Been a busy couple of weeks, but the game goes on!

I’m taking the lazy way out and posting some player-written session reports.  I now offer a modest XP bonus to players who write up what happened, their character’s thoughts, etc.  One player is also working on making up what happened to the party in the last campaign after the last session!

Anyway session 16 involved the party going after another statue, this time the dwarf.  They found their way into the old dwarven city beneath Skar Brae and found it almost abandoned and, like SB, overrun with monsters.  They decided to start clearing for the few remaining dwarves.  Their first stop was the old forges, which borrowed heavily from one of this year’s OPDs — The Ichor of Vercingetorix. (I changed some of the monsters, and the plot, but used the map and it wnet pretty well.)

There’s the dwarf player’s after-battle report:

Grundel caught movement behind him out the corner of his eye. Something flashed overhead. Grundel reflexively waited for an arrow, dagger, or bolt (or what ever the assassin used these days) to lodge itself in his back. It was spear and it did not hit him at all! The gnoll-headed demon fell to the ground. But he could hardly believe it. It, it … unbelievable. Did the assassin just assassinate the gnoll-headed demon? “Unbelievable,” Grundel muttered wiping the blood from his forehead and out of his eyes just as the paladin rushed ahead to slay that last gnoll. The paladin has being doing that a lot lately… rushing forward and slaying things. Even the rogue was aiding in the combat.
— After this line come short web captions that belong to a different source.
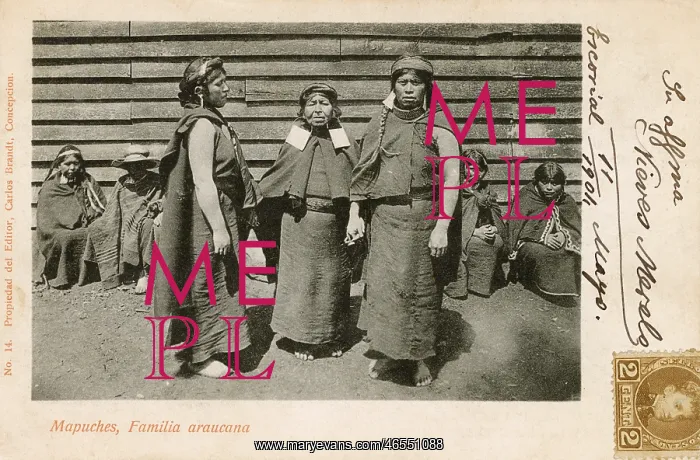 : A Group of related Mapuche Indian Women : A Group of related Mapuche Indian Women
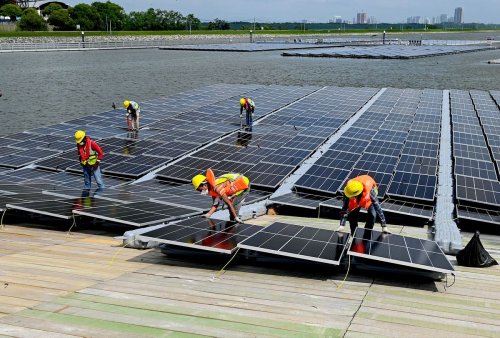 Green jobs are booming, but too few employees have sustainability skills to fill them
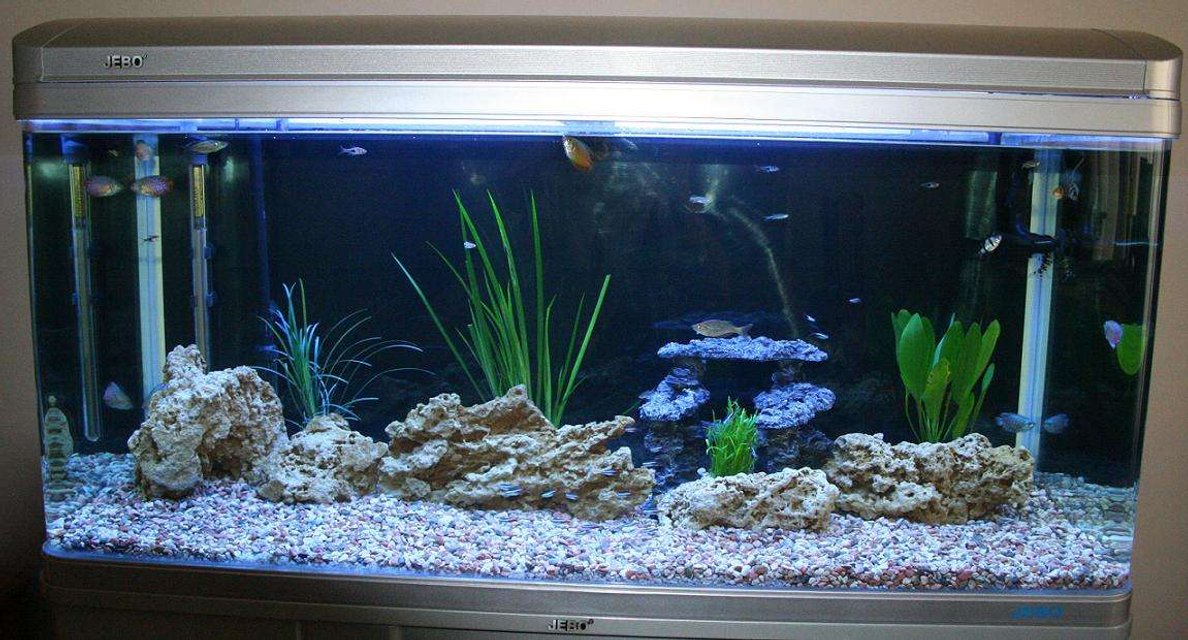 Rated #1676: 80 Gallons Freshwater Fish Tank - My 80 Gallon Tank
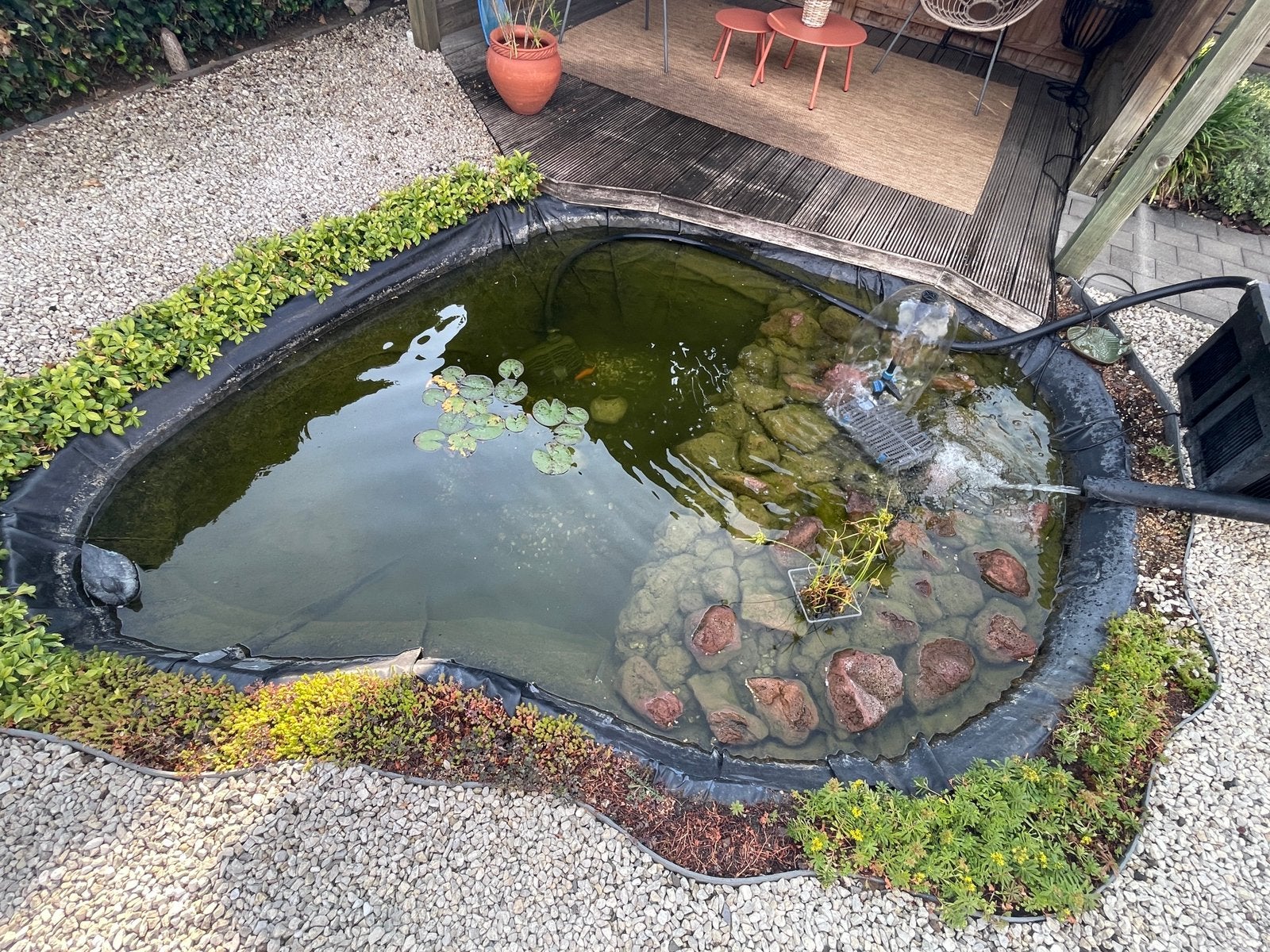 Complete siervijver met Oase filter en pomp, Tuin en Terras, Vijvers, Gebruikt, Ophalen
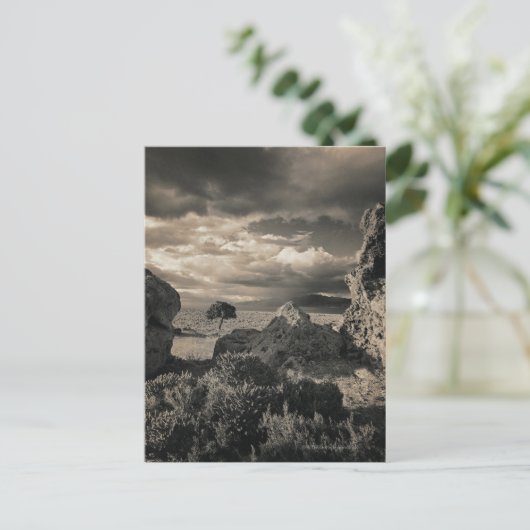 Pyramide Lake, Nevada 2 Briefkaart (Staand voorkant)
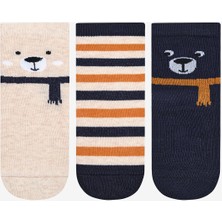 Penti Erkek Çocuk Cold Bear 3lü Çok Renkli Soket Çorap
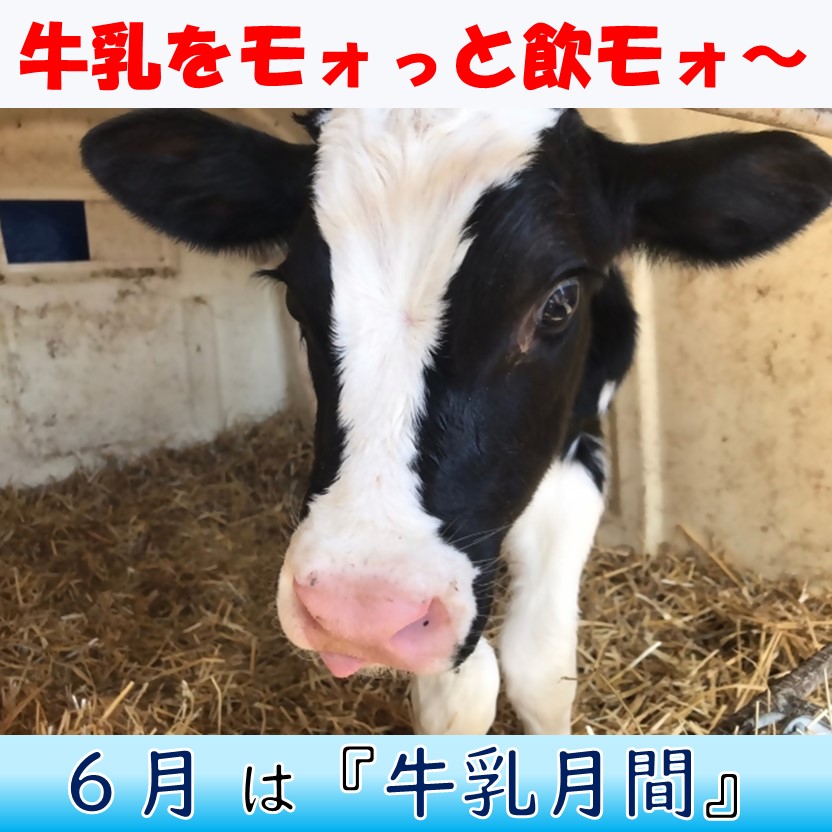 牛乳月間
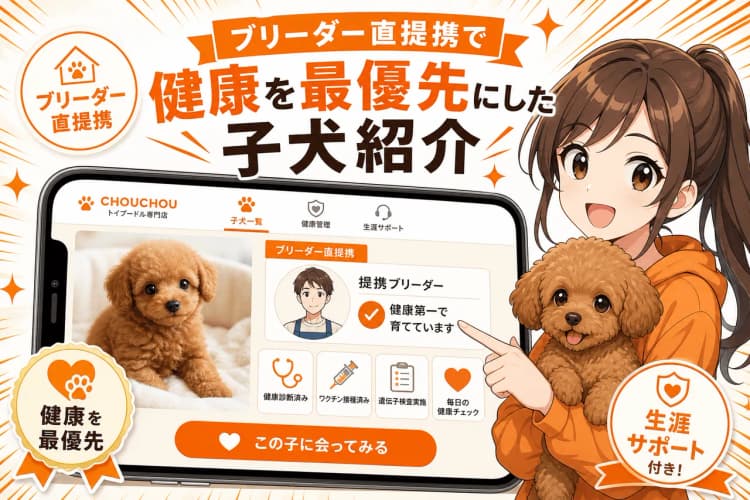 CHOUCHOU（トイプードル専門店） の画面 7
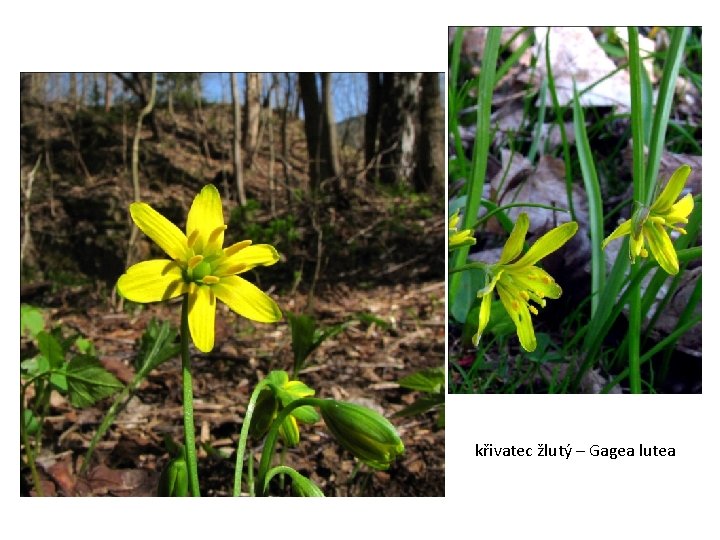 křivatec žlutý – Gagea lutea 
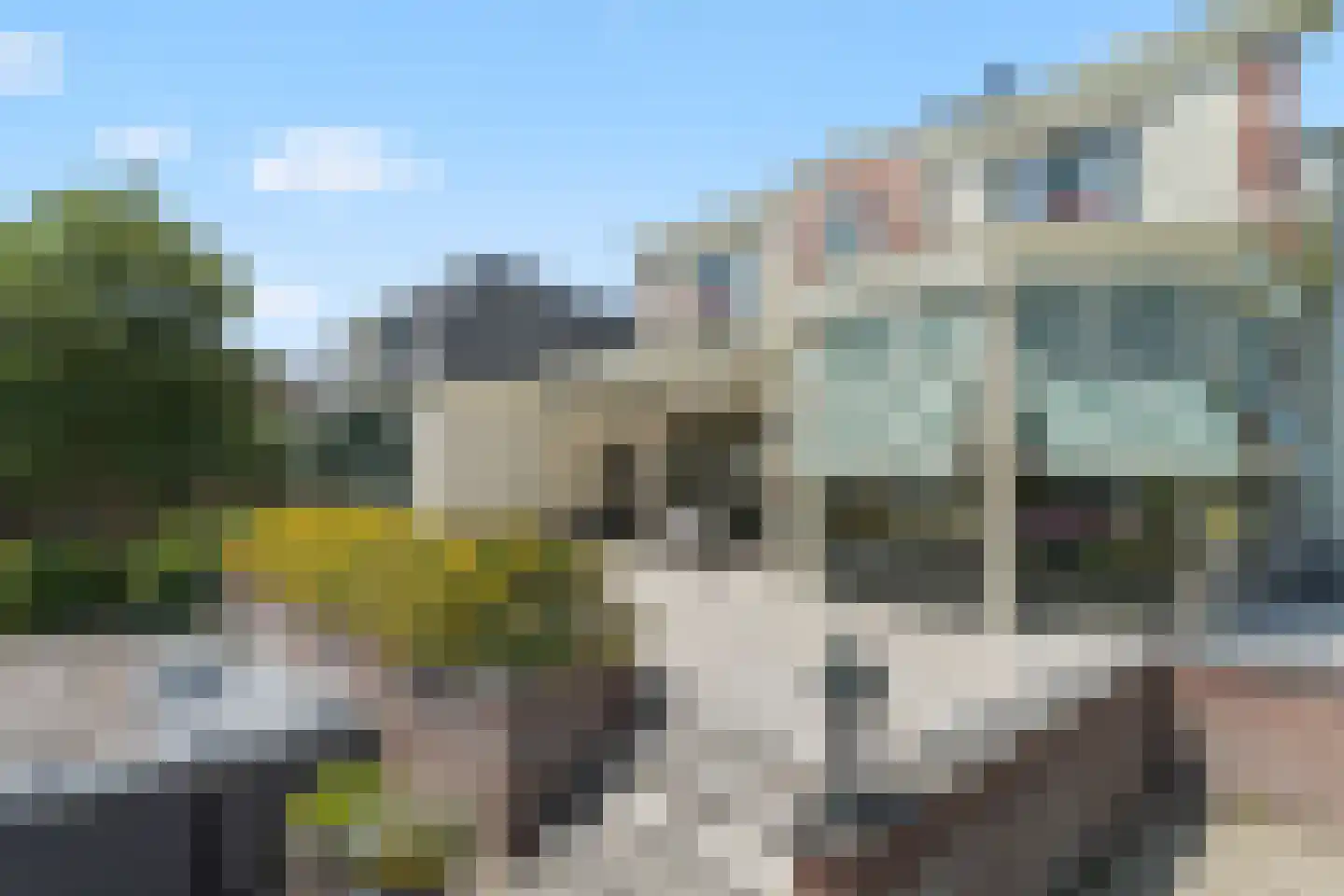 Hoogewaard 188 Koudekerk aan den Rijn thumbnail 18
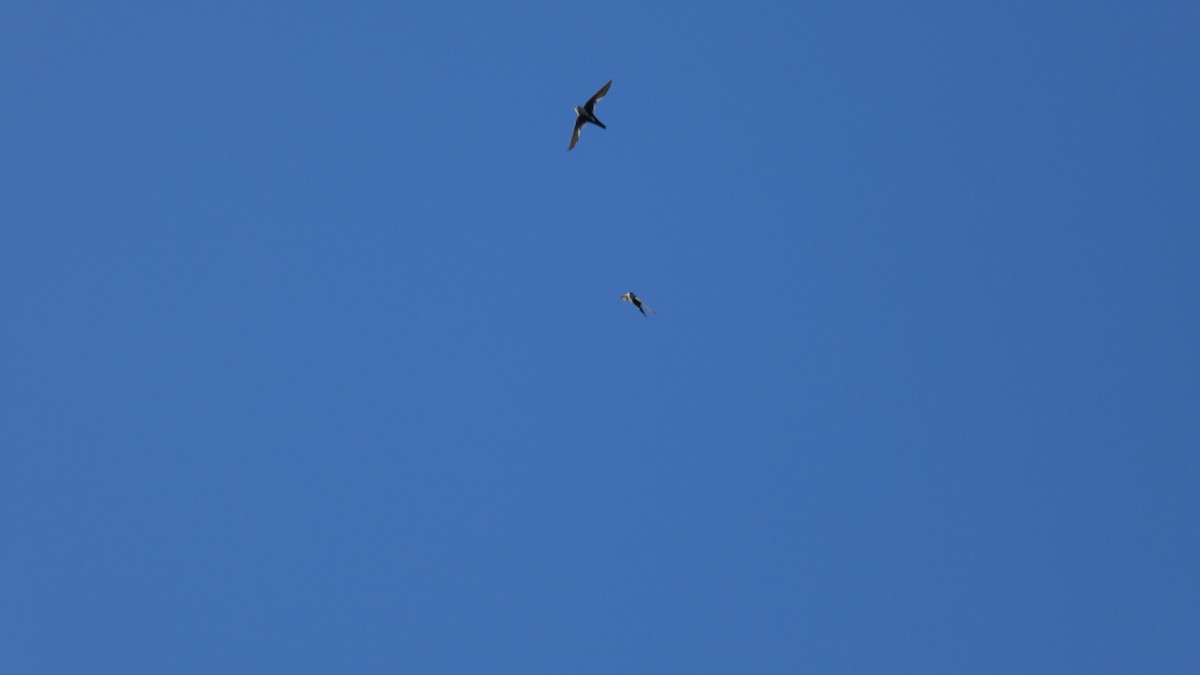 White-throated Swift - ML63262681
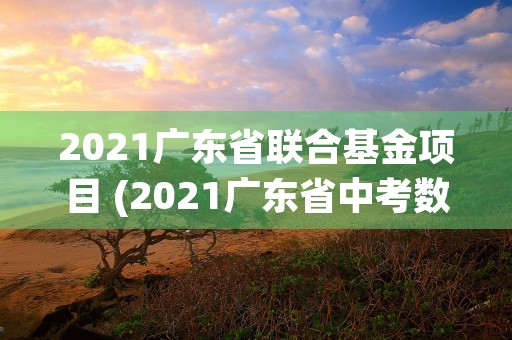 2021广东省联合基金项目 (2021广东省中考数学试卷)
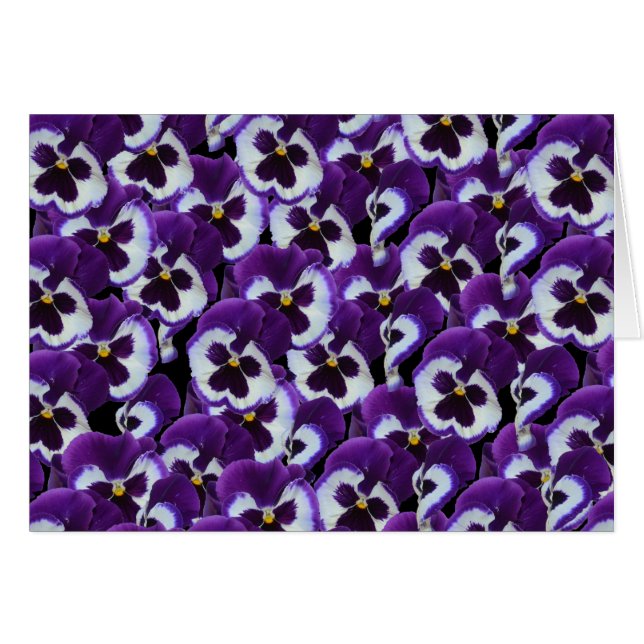 Purple Pansies Bouquet, (Front Horizontal)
With all the monsters dead and the path to safety clear, Grundel paused to remove his gauntlets. A deep wound on his hand, blood flowing freely. That explains it. “It was not bad luck at all,” though Grundel as he recollected the evenings combat. He did not even feel it until now. Funny how you can keep going when death is all around you. Ghouls, Ghasts, Gnolls, Hyenas, Frog Demons, Giant Spiders, and Imps. A fair few fell to his morningstar but not as many normal. Many were dead without any telltale spike holes.

Looking at the over the assembled group he thought everyone really pulled their weight. Had you been three feet tall, and looking up at the dwarf, you might have seen a smile forming between his thick mustache and puke covered beard. (Damn Ghasts.! But then his eyes came upon the unconscious wizard still covered in frog demon slime. His smile faded before it truly formed. “Hmm, be careful what you wish for you might just get it” grumbled Grundel shifting under the weight of his enormous pack. Still at least they weren’t complaining anymore that he was carrying everything. The unburdened assassin and rogue darted ahead hiding in shadows that any dwarf could tell you weren’t there. “Manlings, ha! They never disappoint you by not disappointing.”

Next up is the rogue’s summary, which actually covers the between-session regrouping and resting:

Dell couldn’t’t decide which wound needed the most attention.

They sat in the garrison hall, while the dwarf chieftain paced about, listening intently as Grundel told of the battles in the abandoned forges. Occasionally, he stroked his beard. Several times the two warriors fell into the ancient tongue of their race; when Grundel sought to describe the way his morningstar crushed bone, or a thrown hand-axe arced perfectly before finding its target. It is particularly important to Dwarfs that these details are conveyed precisely.

 When Grundel neared the climax of the story, the clan’s leader stopped and raised an eyebrow. “Gorellik himself?!” The various gnoll cults referred to their deity by different names. ‘Gorrelik’ was the most common. Some of the lesser cults called him ‘Ranivorous.’ The most secretive and dangerous spoke of ‘Great Yeenoghu.’

 “It’s doubtful it was the deity himself,” said the Paladin, “but, a powerful demon to be sure. It was nearly the end of us. Small wonder your people were driven from those caverns. Emphasis on small.”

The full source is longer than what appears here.